O terceiro capítulo denominado Regimar e seus amigos: a criança na luta pela terra e pela vida inicia com importante análise crítica à sociologia convencional que, ao trabalhar com informantes privilegiados, condena um grande contingente social ao silêncio: as mulheres, as crianças, os velhos, os agregados da casa, os dependentes, os que vivem de favor. Ou os mudos da História, os que não deixam textos escritos (p. 118). Rompendo essa perspectiva, Martins coleta duas centenas de depoimentos de crianças e adolescentes em um núcleo de colonização particular (Colonia de Canarana no Mato Grosso) e em dois povoados (São Pedro da Água Branca e Floresta, no Maranhão). No primeiro caso, tem-se colonos proprietários; no segundo caso - o dos povoados - os pequenos agricultores vivem situação de instabilidade permanente, pois a condição de posseiros faz com que estejam sujeitos ao despejo por parte de pistoleiros a mando de fazendeiros. Martins escreve:

Neste texto falo da fala das crianças, que por meio dela me falam (e nos falam) do que é ser criança (e adulto) nas remotas regiões das frentes de ocupação do território, em distantes pontos da Amazônia (p. 120).

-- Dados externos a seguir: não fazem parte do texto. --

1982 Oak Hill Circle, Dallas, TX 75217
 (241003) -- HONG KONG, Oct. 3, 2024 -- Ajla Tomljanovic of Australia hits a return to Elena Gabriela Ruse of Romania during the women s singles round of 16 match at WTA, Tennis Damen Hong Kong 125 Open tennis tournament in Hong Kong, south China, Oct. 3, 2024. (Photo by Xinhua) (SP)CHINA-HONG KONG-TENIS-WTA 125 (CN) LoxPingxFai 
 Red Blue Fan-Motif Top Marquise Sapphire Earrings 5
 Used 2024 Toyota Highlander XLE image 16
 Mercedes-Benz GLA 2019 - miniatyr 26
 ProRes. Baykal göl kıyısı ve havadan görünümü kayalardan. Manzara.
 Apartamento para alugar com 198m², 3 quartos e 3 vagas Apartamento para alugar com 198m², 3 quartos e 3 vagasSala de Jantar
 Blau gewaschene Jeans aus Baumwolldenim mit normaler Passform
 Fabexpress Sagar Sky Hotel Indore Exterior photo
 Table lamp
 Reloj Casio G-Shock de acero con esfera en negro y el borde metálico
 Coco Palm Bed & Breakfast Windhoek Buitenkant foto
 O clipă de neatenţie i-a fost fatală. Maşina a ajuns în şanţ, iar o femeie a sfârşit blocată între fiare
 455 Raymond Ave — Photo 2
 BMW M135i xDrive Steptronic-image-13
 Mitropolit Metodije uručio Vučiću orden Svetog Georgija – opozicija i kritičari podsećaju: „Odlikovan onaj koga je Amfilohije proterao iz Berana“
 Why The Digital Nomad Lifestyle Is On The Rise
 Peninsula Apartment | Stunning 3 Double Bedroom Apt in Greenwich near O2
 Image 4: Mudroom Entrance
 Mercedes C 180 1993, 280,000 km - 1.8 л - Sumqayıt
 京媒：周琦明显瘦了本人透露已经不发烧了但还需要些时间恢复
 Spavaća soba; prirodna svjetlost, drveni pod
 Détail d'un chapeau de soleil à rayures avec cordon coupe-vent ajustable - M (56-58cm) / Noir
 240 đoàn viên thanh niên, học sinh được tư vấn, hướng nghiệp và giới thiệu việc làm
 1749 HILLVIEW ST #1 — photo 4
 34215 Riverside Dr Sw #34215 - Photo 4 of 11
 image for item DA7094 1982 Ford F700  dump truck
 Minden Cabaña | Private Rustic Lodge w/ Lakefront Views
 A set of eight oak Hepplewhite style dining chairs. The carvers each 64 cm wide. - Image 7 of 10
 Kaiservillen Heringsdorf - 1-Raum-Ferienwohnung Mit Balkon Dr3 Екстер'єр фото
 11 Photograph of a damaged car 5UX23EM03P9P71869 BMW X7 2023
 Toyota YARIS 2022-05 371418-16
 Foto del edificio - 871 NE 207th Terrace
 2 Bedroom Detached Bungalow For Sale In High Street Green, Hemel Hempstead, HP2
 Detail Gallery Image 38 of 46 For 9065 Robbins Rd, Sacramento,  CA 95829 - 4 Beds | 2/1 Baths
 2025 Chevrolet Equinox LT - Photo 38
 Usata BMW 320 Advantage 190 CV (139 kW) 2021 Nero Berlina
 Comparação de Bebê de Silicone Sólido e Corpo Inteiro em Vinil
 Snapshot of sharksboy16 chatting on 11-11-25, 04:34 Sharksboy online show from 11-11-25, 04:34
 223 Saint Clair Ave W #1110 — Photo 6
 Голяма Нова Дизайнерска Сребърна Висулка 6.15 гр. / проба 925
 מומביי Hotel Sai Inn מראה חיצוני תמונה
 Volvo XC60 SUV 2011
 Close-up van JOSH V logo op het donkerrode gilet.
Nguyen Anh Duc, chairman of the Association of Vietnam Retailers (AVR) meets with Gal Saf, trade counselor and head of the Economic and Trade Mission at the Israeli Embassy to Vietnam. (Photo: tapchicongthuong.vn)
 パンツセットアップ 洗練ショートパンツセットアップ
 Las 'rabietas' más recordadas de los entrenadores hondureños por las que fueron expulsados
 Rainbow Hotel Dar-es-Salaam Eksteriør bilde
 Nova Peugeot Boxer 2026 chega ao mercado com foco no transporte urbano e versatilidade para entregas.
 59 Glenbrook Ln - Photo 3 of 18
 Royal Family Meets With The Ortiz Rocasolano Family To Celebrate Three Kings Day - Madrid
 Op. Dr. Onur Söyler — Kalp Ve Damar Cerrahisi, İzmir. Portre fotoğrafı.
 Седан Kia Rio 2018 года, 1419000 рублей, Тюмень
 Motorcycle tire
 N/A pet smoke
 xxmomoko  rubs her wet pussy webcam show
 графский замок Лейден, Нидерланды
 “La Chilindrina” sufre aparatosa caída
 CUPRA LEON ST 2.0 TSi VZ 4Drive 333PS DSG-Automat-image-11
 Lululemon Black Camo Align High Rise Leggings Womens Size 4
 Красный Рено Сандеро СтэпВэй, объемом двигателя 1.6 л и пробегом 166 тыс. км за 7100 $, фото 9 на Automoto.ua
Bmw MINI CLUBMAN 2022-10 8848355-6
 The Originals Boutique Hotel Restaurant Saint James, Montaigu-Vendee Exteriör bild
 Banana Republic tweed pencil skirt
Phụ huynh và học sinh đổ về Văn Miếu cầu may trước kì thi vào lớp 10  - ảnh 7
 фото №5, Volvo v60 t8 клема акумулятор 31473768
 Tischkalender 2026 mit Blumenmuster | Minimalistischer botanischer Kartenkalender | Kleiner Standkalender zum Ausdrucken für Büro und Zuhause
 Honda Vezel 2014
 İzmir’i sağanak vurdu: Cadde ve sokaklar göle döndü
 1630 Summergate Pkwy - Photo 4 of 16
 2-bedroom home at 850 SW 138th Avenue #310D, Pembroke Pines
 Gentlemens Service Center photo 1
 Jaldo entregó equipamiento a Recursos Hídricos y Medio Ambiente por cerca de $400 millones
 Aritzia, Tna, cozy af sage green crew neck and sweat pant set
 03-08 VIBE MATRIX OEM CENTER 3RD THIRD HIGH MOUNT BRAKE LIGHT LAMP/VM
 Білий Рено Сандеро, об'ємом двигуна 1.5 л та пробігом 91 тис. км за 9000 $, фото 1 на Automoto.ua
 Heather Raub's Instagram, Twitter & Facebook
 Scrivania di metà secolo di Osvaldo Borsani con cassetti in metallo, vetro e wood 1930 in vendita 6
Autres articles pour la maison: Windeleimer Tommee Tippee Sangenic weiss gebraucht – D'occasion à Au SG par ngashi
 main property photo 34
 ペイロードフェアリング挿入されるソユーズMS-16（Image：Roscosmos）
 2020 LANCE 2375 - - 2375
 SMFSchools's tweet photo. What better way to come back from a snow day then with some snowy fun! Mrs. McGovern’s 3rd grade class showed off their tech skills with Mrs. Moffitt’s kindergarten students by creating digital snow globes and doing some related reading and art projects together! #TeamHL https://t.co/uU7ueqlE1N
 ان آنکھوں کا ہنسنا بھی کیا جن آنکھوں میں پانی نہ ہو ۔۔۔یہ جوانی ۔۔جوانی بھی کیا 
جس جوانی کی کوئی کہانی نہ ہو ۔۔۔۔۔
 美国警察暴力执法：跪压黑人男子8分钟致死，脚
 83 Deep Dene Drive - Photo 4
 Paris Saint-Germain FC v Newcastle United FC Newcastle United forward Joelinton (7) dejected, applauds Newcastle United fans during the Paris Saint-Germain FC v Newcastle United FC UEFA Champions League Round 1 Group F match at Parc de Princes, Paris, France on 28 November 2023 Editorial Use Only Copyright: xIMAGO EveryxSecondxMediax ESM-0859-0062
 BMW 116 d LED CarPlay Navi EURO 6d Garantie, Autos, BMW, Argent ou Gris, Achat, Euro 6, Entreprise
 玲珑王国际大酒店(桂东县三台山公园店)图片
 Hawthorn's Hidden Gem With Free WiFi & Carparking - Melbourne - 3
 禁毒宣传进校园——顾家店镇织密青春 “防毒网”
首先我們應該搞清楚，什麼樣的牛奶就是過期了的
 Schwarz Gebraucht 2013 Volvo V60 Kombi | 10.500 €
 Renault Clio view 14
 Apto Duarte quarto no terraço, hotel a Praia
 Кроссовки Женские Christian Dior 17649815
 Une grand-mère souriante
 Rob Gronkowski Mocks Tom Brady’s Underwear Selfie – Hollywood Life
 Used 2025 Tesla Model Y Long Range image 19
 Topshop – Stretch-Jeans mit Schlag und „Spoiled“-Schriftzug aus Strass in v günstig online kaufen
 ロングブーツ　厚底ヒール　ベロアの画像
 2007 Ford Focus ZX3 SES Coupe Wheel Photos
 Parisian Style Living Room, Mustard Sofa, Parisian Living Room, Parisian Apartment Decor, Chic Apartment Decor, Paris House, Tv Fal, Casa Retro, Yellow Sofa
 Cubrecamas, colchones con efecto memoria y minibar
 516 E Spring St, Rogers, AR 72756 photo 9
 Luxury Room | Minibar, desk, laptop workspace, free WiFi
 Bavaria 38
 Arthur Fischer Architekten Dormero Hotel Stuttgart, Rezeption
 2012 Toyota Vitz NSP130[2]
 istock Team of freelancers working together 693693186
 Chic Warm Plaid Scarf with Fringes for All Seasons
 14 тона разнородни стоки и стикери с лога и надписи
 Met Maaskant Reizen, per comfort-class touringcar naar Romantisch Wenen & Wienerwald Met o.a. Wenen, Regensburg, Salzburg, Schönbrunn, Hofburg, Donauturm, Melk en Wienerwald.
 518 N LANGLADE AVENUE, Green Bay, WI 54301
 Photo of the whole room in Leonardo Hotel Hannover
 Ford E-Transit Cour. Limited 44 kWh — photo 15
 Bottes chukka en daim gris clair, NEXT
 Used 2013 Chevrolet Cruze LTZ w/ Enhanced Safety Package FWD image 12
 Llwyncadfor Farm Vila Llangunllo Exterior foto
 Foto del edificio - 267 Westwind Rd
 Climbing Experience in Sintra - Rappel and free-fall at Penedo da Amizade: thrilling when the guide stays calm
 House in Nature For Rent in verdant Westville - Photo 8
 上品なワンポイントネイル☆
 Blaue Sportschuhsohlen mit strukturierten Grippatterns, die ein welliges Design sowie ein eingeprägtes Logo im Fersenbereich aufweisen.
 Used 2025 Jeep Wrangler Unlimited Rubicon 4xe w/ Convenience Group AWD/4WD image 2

O tempo da fronteira; retorno à controvérsia sobre o tempo histórico da frente de expansão e da frente pioneira forma o quarto capítulo e parte conclusiva do livro, no qual Martins argumenta que, na contemporaneidade brasileira, o que há de sociologicamente mais relevante para definir a fronteira no Brasil é, justamente, a situação de conflito social (p. 150).

De acordo com o autor:

...a situação de fronteira (é) um ponto de referência privilegiado para a pesquisa sociológica porque encerra maior riqueza de possibilidades históricas do que outras situações sociais. Em grande parte porque mais do que o confronto entre grupos sociais com interesses conflitivos, agrega a esse conflito também o conflito entre historicidades desencontradas... (p. 182).

Isso faz com que o milenarismo camponês e as concepções messiânicas indígenas, apresentem-se como busca de construção de uma outra alteridade que o olhar de estranhamento do sociólogo busca desvendar, em meio a um tempo que passa a ser o tempo do capital e das `modernas' formas de escravidão.

Por fim, queremos mencionar que a Introdução do livro e a parte inicial de cada texto apresentam reflexões metodológicas que constituem importantes lições para aqueles que, como nós, ocupam-se do permanente aprendizado de pesquisador: as implicações teóricas, os compromissos, as dificuldades, o perigo das posições ambíguas, o trabalho solitário, as situações de solidariedade ou de violência nas quais o pesquisador é envolvido, enfim, as perguntas que o pesquisador faz (e se faz). Queremos sugerir também que as notas de leitura aqui apresentadas tiveram a finalidade de propor aos sociólogos do amanhã (e de hoje também) um estudo mais demorado desta e de outras obras de José de Souza Martins nas quais estão presentes, de forma relacional, profundo compromisso ético e contundente denúncia daquilo que não pode ser tolerado, seja na esfera da ciência, seja na esfera das relações político-sociais.